I touched my face and could feel it. The fragility of the elderly.
I now new what it felt like to be ancient. I couldn’t stand. My legs
would crumble, I was sure of that, but I had to. I just couldn’t.


“Harmony, do you still love me?”

“Of course, I still love you, baby. Why would you ask me that?”

“Because I’m old. I can’t even close my hands; I’m so old.”


I really thought that if I closed my hands, my dusty fingers, which had
become frail and withered, would crack and fall off. In truth, I felt like
a two-thousand-year-old mummy, wrapped in bandages quite friable
and skin covered in cobwebs that had already begun to turn black.

If there were insects crawling around within my skeletal mass, it didn’t
even matter because there was nothing there but an empty shell of a man.

“Baby, you’re not old. It is merely the man inside of you
stepping forth from the boy. Do not fight him; he is my lover.”




Harmony reassured me by saying, “It's all right;
the most important thing to do now is relax.”

“I can’t relax, I replied in an agitated tone. “I don’t remember how.”

She then repositioned her blouse and put my hand on her breast.
So that's how we do it, I thought, feeling elated. Amazed as the
weight of the world was gently lifted from my oppressed spirit.

Like playing Russian roulette with the forces of nature,
I took a clandestine approach to learn what could only
be taught from an introspective standpoint.


I snickered wryly, for the grim reaper who had high hopes of
collecting his bounty, would now have to leave empty-handed.


I wasn't decaying because I could still feel.
I wasn't old because my voice still sounded the same.
It was either a trick from the Devil or a test from God,
and I had to be mature enough to figure it out.

Right before my very eyes, I could feel the life being restored to my aged limbs
as youthful vigor returned to revitalize my entire being. In awe, I watched the
darkness being absorbed into Harmony. The magnificent light burning within
her had canceled out the darkness. I removed my hand to find everything was
quite normal. How good it felt to be young again, I thought to myself quietly.

For the next hour or so, we went meandering through the abode, prattling to
one another about the inspiring wonders that had been bestowed unto us and
so forth as we explored the basement, the attic, and a spare room upstairs.

Upon our return to the living room, I stepped into the kitchen to get a glass
of water. Pulling the glass from the cabinet, it slipped from my hand and fell
to the floor, shattering. I simply froze. Harmony came rushing in and told me
not to move. Putting on her slippers, she swept the glass into a small pile.

From there, she used a dustpan to dispose of the broken shards of glass.

“Don’t dwell upon it,” she said. “Things break.” But that wasn’t it.
I remember dropping a glass when I was three years old. In my mind,
the glass just kept exploding, and I saw myself for what I was.

I was just a kid.

A flashback in my brain to an earlier time which was only yesterday.

It is beginning to cause me real concern. The helpless child is still helpless,
and the room was getting angry. If a woman has to constantly clean up after
you, then you are still a little boy. A little boy who never really gets older.
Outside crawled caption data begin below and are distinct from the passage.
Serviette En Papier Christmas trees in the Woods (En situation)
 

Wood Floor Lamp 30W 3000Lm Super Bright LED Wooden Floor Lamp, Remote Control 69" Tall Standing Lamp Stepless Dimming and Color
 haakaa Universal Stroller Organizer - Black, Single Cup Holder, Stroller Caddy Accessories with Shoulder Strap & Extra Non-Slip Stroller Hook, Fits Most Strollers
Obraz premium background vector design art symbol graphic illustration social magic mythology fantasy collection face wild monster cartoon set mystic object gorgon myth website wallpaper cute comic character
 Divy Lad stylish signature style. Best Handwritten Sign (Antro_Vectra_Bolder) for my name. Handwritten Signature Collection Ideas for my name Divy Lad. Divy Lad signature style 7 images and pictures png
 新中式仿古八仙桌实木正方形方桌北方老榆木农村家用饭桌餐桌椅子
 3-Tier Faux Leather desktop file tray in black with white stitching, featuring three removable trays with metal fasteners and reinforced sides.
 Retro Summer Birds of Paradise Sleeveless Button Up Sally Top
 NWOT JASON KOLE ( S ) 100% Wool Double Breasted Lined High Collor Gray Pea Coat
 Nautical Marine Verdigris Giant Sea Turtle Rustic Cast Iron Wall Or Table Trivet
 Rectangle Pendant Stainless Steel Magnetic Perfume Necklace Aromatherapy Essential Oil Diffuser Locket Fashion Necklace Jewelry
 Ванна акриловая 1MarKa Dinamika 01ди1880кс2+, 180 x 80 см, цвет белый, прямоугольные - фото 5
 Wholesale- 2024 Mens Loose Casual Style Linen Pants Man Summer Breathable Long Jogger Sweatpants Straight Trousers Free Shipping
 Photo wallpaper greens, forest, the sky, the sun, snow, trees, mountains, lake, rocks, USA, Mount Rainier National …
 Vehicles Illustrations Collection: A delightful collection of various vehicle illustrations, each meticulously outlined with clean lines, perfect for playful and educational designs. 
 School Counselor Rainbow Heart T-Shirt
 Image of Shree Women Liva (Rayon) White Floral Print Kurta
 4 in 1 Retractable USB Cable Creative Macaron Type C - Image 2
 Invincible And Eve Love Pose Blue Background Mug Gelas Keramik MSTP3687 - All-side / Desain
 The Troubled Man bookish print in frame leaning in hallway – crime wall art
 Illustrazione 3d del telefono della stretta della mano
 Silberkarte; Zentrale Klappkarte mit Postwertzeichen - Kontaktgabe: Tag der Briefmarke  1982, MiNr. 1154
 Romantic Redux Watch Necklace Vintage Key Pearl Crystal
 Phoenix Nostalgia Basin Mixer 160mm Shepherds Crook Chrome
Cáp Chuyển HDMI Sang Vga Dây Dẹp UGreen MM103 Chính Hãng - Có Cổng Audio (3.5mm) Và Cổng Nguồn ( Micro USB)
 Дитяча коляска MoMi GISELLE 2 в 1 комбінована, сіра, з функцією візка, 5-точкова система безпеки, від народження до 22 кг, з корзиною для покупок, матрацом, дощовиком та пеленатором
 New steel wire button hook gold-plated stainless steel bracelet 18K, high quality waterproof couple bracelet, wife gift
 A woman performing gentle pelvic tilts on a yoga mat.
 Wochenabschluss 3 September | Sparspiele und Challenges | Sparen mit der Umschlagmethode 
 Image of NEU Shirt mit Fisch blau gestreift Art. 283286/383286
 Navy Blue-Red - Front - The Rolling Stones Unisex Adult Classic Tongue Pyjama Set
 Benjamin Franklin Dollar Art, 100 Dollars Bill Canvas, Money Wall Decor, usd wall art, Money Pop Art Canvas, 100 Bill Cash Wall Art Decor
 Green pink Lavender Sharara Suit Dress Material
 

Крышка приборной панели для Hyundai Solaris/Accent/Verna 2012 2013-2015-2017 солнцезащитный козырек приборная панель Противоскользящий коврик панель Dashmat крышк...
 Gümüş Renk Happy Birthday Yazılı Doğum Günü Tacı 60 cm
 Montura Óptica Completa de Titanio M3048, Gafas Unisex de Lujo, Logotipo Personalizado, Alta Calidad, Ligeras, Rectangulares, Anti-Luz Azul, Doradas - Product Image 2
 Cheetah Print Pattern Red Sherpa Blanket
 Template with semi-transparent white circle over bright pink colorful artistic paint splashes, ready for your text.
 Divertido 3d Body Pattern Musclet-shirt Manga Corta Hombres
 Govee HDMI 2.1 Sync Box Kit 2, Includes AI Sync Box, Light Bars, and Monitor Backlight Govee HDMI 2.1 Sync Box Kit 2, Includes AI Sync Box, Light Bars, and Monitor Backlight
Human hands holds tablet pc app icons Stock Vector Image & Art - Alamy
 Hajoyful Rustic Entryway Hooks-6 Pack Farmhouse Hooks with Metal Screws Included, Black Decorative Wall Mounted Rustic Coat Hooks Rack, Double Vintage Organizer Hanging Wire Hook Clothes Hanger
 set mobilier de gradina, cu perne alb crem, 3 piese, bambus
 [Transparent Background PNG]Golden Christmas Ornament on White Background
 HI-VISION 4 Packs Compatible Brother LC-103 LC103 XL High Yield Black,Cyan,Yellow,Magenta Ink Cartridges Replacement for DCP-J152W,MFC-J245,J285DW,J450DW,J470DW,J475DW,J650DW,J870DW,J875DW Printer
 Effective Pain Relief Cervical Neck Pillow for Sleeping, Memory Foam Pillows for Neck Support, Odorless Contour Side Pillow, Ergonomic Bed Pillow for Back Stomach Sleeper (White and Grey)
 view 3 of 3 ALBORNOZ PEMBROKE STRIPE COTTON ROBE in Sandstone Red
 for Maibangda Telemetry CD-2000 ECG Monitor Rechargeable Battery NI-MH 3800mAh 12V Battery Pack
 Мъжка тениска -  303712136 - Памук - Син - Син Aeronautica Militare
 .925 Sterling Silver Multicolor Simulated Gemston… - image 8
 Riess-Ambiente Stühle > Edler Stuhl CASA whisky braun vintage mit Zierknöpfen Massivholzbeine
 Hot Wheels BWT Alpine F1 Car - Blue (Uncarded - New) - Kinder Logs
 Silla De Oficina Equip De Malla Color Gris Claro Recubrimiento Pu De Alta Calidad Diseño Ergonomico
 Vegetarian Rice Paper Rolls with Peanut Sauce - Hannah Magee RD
I could now feel myself getting younger.
I was getting younger and couldn’t stop.

At this rate, I’m going to be a blossoming fetus on the couch in less than
the span of an hour. My parents will then come to learn what it is me and
Harmony have been doing together in our quiet time. They will learn about
the mushrooms, and they may yearn to seek retribution by sending her to
jail. Whereas I will be powerless to stop them.

How will I even be able to communicate my emotions,
should I awaken in the mental state of a toddler?

I was regressing back in time.



                                                                               Pg 230
---------------------------------------------------------------------------------------------------------------------------------------------------------------------

My brain was unraveling.
The snake had become knotted.
A head full of hair was now growing in reverse.

In other words,
I was getting tangled up in the madness.

My skull felt abnormally weird like my brain was beginning
to divide, and I wasn’t quite sure what to expect next.

I thought of my dilemma and could not lay it to rest. Though the
more I dwelt upon it, the more unresolved it became until I panicked,
and the whole night was in danger of turning into an apocalypse.

How absurd was the fact that through all this, I honestly believed I had the
mind of a fully-grown adult? An adult who stood firm in curiously piecing
together the puzzle known as life. But now, if I could only stop shrinking.

The last thing I wanted to do was become a developing
infant, but it was happening to me, and I could not stop it.




In a very strange and disturbing kind of way, I could begin to see
my veins pumping blood to all the organs, for my skin had become
translucent. And had I been born with an uncanny ability to draw,
I may have produced a rather impressive anatomy chart.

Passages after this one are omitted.